[Edu-sig] Suggestion for python learning

David MacQuigg macquigg at ece.arizona.edu
Fri Jul 11 16:41:58 CEST 2008

At 03:37 AM 7/11/2008 -0500, Jeff Rush wrote:

>>On Thu, Jul 10, 2008 at 11:48 AM, David MacQuigg
>>If you are stuck in a car for an hour each day and you want to listen
>>to such an audio book, then it's a 0,1 proposition.  You could at
>>least learn about object-oriented thinking, and qualitative features
>>of the language.  It would be a good challenge to attempt to make
>>programming understandable, to a degree, through an audiobook.

Please be careful about quoting.  The above words are not mine.

>This is an interesting challenge so I may try to put something together.  I've been wanting to do something anyway that focuses on the philosophy and meaning of programming, as opposed to the specific syntax, and I've got the programming background to do that.  An elegant program sings to me.

There is certainly much to be done that would fit nicely into an audio format, and not require syntax details - philosophy, opinion, experiences, comparisons (different web frameworks, for example).  Even an experienced programmer would enjoy hearing, for example, on how to chose a relational database from the many available in Python.

I see three levels of interaction - casual listening (music, news, etc.), concentrated listening (maybe with frequent pauses and replays), and full interaction (viewing code, working exercises, etc.).  I would focus on the first two levels, and avoid any need for visual interaction.  Although it is possible to display snippets of code with the new iPods, that would limit the audience too much, and would be inappropriate while driving, which is the biggest chunk of "free time" for most of us.

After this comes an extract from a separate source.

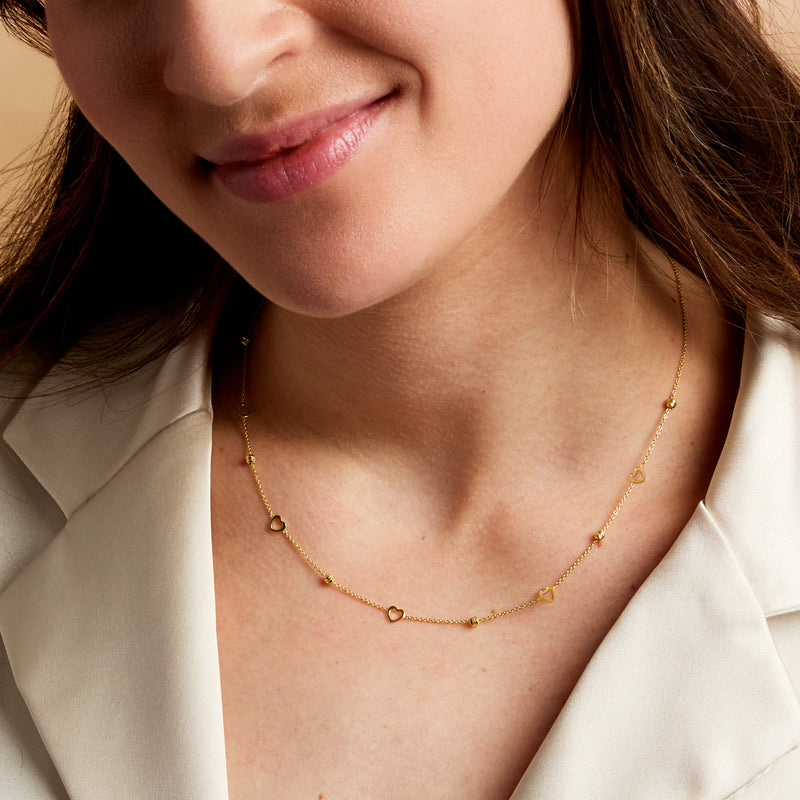 Close-up of 14kt yellow gold bead necklace with heart stations along chain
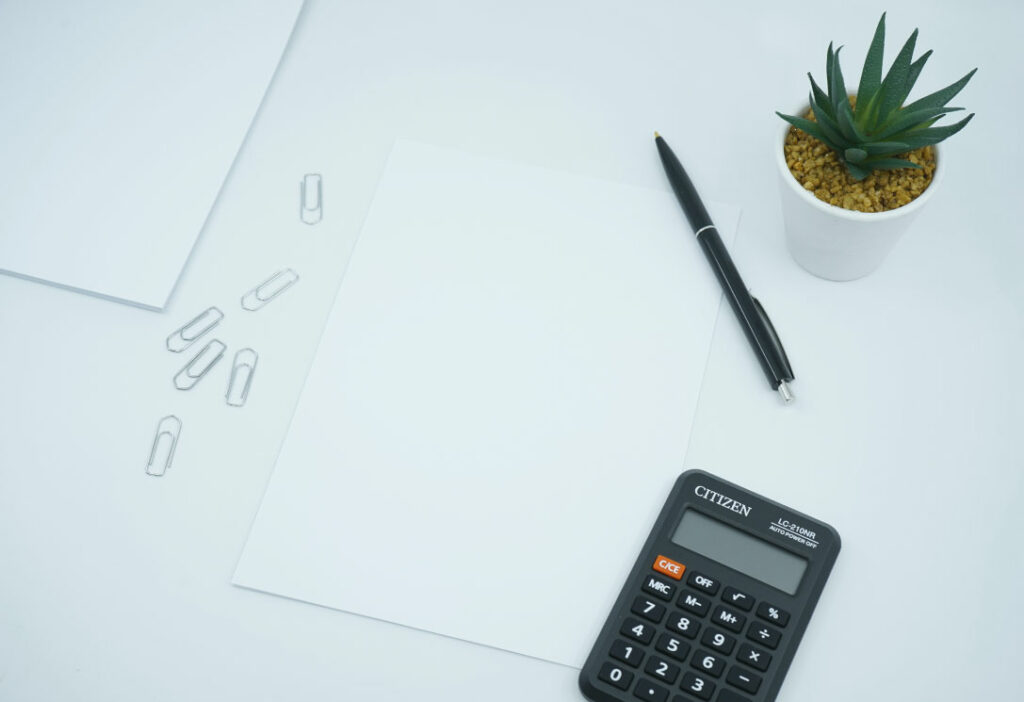 mesa con folios, boligrafo, calculadora y planta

>It also fits into the keynote of PyCon 2007 by Robert "r0ml" Lefkowitz re programming literacy, whether you can ever "speak" a program or is it only a written form of communication.  I took that as a challenge. ;-)  It may require the development of a certain vocabulary specific to programming, similar to how graphic symbols like flowchart blocks and other diagramming elements have arisen.

Your counting too much on the listener's ability to visualize, and retain a mental image despite interruptions and distractions.  If you need code, make it a separate module, to be used later at a computer.  The audio could provide the motivation for the later, more concentrated effort.